Беатриче почувствовала себя усталой и сразу после ужина отправилась в постель. Изабелла решила, что присутствие герцогини, печально бродящей по комнатам, в которых она некогда жила, смущает сестру. С появлением Изабеллы веселье Беатриче явно пошло на убыль.

— Эта ведьма затянула стены своих покоев черным, словно ожидает на обед самого сатану. Подумать только, у нее хватает наглости изображать безутешную вдову! Разве не смешно? Мне пришлось пообещать ее покойному супругу все вино из своих подвалов и всех мальчишек-хористов в миланском герцогстве, только чтобы заставить его переспать с ней!

Изабелла заметила, что Лодовико обращает свои насмешливые реплики к одной из фрейлин Беатриче. Лодовико нравилось, что фрейлина преувеличенно громко смеется его шуткам, смущенно прикрывая ладонью чувственный рот. Красавице было немного за двадцать. В свете свечей волосы отливали оттенком темно-красного вина. Изабелла не могла разглядеть цвет глаз — синие или зеленые? Румянец оттенял кремовую кожу. На фрейлине было бархатное платье малинового цвета с золотыми шнурами на рукавах. Низкий вырез не скрывал пышных холмиков грудей. Изабелла где-то видела это лицо, но не могла вспомнить где. У Беатриче были сотни фрейлин, которые постоянно сменяли друг друга. Изабелле не понравилось, как Лодовико пожирал красавицу глазами — словно она была сочной отбивной на блюде, а он не ел несколько дней.

— Увы, все помнят извращенные наклонности бедняги, — продолжал Лодовико. — Мне не в чем упрекнуть себя — я сделал все, чтобы герцогиня обзавелась наследниками.

— Вы исполнили свой долг перед бедняжкой, — перебила Изабелла. — А уж как благодарна вам Беатриче за то, что вы избавили ее от общества герцогини. Поистине вы не устаете искать способы порадовать свою жену!

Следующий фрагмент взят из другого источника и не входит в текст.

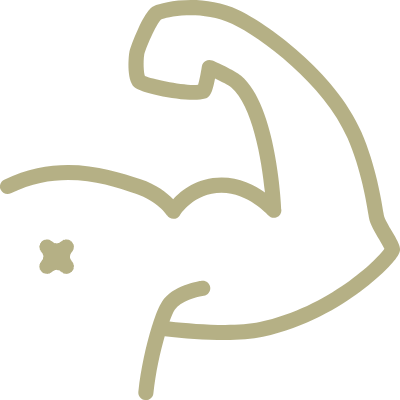 건장한 팔 근육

Лодовико кисло улыбнулся, словно напоминание о том, что он женат, расстроило его. Изабелла хотела, чтобы Лодовико понял — она начеку. Однажды ей самой довелось стать объектом его переменчивой страсти. Изабелла не допустит, чтобы он флиртовал с какой-то фрейлиной у нее под носом. Она посмотрела на даму в малиновом — как изменится выражение ее лица при упоминании имени Беатриче? Красавица вежливо улыбнулась и отвернулась, словно внезапно заинтересовалась тонким подсвечником на столе.

Высказав Лодовико благодарность от имени Беатриче, Изабелла нисколько не лукавила. Il Moro встретил Изабеллу Арагонскую у ворот Милана, взял за руку и утешал всю дорогу, пока они скакали до замка. Миланцы видели, как он скорбел вместе с герцогиней у могилы ее супруга, как он провожал Изабеллу в ее старые покои в Кастелло, где, устав от переживаний дня, они еще раз всплакнули на плече друг у друга. Все это Изабелла узнала от шута Бароне — мантуанца на службе Лодовико, который так и не понял, было ли поведение Лодовико образцом галантности или верхом притворства.

— Наверное, он хотел загладить свои черные дела, утешив вдову, — шепотом заключил Бароне.

Высказывать подобные мысли вслух дозволялось только шуту.

Изабелла решила посетить вдовствующую герцогиню. Комнаты Изабеллы Арагонской были завешаны черными драпировками, а окна плотно зашторены. Ее дети, которые могли унаследовать королевство, а теперь стали бедными сиротами, зависящими от милости Лодовико, уныло бродили вокруг. Дети жаловались, что в комнатах темно, что от тяжелых одежд, которые их заставляют носить, зудит кожа. Они просились на улицу, но мать не разрешала. Изабелла чуть не задохнулась посреди этой беспредельной тоски. Когда она уходила, Изабелла Арагонская прошипела ей в ухо:

— Вам не хуже моего известно, кто виноват во всех наших бедах.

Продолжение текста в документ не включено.